> WHAT YOU NEED TO DO: All lines in the data bearing the string "Toyota" should be identified and copied.

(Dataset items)

────────────────────

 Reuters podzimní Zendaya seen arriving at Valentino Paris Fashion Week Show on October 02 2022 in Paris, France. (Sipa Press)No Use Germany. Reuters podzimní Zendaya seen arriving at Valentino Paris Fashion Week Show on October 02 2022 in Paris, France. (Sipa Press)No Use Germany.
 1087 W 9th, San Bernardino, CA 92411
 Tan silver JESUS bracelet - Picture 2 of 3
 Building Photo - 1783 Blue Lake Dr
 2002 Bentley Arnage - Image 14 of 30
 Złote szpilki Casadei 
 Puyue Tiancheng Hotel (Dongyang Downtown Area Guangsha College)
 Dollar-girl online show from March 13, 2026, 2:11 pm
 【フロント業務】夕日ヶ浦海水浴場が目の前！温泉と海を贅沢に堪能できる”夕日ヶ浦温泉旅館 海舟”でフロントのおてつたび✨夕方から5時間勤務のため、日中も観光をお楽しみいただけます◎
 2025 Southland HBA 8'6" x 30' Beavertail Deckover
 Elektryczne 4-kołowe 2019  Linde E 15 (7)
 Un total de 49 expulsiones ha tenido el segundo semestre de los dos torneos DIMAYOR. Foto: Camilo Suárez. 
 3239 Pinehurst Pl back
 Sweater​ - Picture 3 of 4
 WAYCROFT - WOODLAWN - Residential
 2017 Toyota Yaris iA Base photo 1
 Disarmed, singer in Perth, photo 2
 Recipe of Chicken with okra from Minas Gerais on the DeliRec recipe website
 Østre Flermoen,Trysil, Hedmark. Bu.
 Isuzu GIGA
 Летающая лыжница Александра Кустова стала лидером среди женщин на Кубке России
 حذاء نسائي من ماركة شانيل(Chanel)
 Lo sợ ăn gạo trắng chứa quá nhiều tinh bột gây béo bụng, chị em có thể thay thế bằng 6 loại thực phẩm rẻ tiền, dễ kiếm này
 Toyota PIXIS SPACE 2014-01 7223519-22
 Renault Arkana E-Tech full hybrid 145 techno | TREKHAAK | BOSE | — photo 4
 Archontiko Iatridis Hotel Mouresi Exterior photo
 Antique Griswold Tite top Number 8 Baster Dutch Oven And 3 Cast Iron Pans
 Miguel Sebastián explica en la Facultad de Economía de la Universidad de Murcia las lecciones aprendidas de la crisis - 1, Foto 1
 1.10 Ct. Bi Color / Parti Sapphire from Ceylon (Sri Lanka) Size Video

────────────────────

> WRITTEN ANSWER:
 2017 Toyota Yaris iA Base photo 1
 Toyota PIXIS SPACE 2014-01 7223519-22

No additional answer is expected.